Sergio Poroger fotografa Cine Nazaré para o projeto Cine Mu(n)do.
Publicado originalmente no site do jornal O POVO, em fevereiro de 2019
A sessão de cinema das cinco
Memória - Com o projeto Cine Mu(n)do, fotógrafo paulista
Sergio Poroger registra cinemas de rua no Brasil e no exterior para valorizar a
influência histórica da sétima arte na sociedade
Por Bruna Forte
O escritor colombiano Gabriel García Márquez comentou, certa
feita, que "um cinema à hora da matinê se parece a um museu. Ambos têm um
ar gelado, uma quietude funerária. E, entretanto, é a hora preferida dos
verdadeiros cinéfilos. O verdadeiro cinéfilo vai ao cinema sempre sozinho".
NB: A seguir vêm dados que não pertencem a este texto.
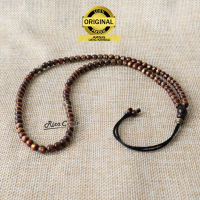 ⁠Kalung Tasbih Pria Wanita Kecil Keren Taliarus Tali Arus Akar Bahar Serat Emas Laut ASLI Original 9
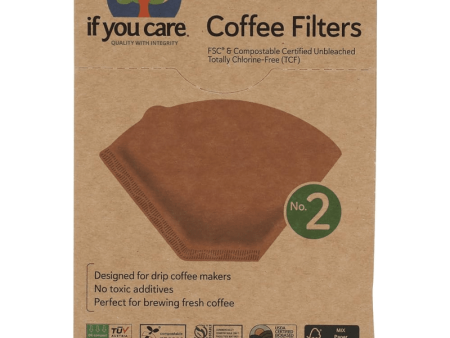 If You Care FSC Unbleached No.2 Coffee Filters, 100 Count Online Hot Sale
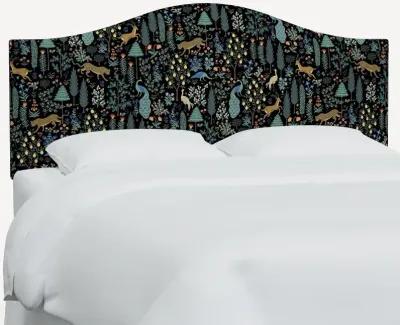 Rifle Paper Co Mayfair Menagerie Black King Headboard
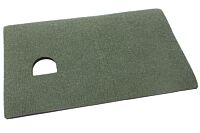 Dämmmatte hinter Fahrersitz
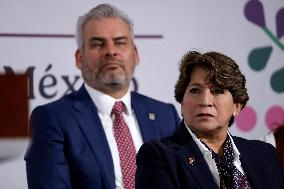 Mexican President Claudia Sheinbaum Meets Whit Gobernors - Mexico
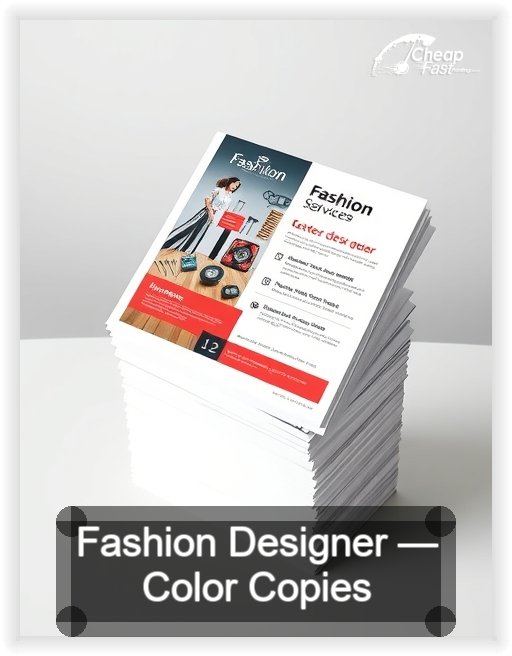 Fashion Designer business card design sample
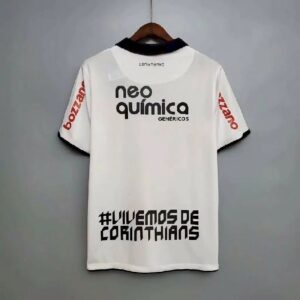 Alternative view of Retro Corinthians 2011 Home 70th Anniversary Jersey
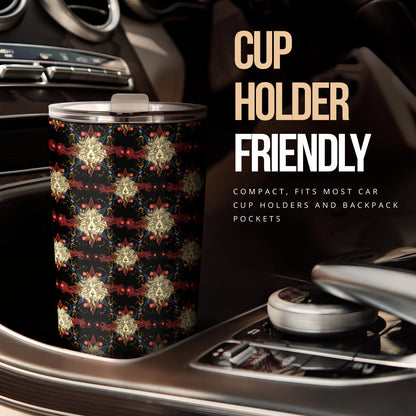 Zodiac Leo Pattern Design Print Tumbler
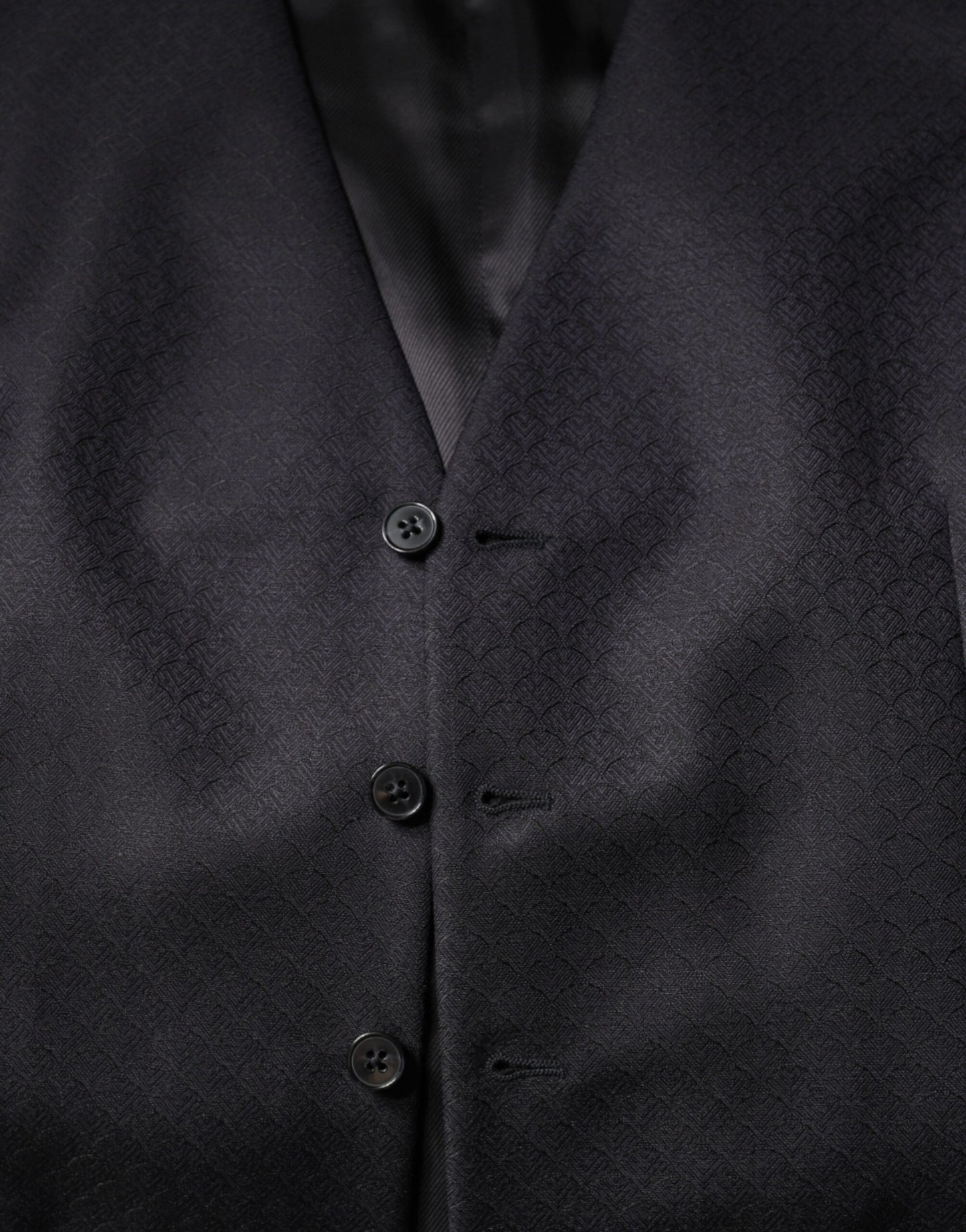 Dolce &amp; Gabbana Schwarze Wollweste, formelle Weste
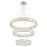 Crystorama Kinsley 1 Light 32" Chandelier, Silver/Chrome/Clear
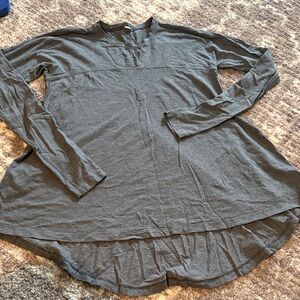 Gray Long Sleeve Women's Top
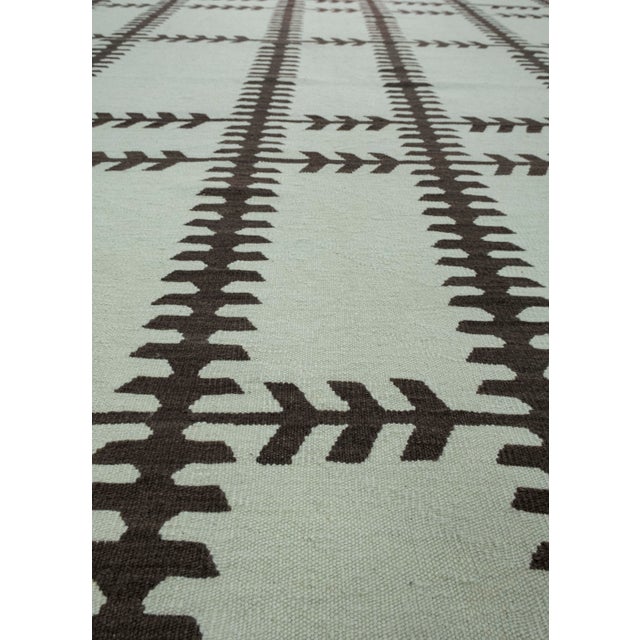 Turkish Kilim Oriental Handmade Flatweave 8'2" x 10'4" #18145 For Sale In Houston - Image 6 of 8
As sessões às três e cinco da tarde, desenroladas preguiçosamente no cair da
tarde, eram características comuns em Fortaleza entre 1908 e 1959. Salas como
Amerikan Kinema, Polytheama, Cinematógrafo Di Maio ou Art-Nouveau, Riche, Cine
Diogo e Majestic-Palace se espalhavam pelas praças e avenidas da Capital,
levando projeções aos olhares curiosos de quem descobria então o prazer da
sétima arte. Atualmente enclausurados em shoppings, os cinemas de rua
praticamente desapareceram ao longo da história - mas, na contramão do
esquecimento, o fotógrafo paulista Sérgio Poroger percorre cidades ao redor do
mundo fotografando "aqueles cinemas que resistem de forma heroica".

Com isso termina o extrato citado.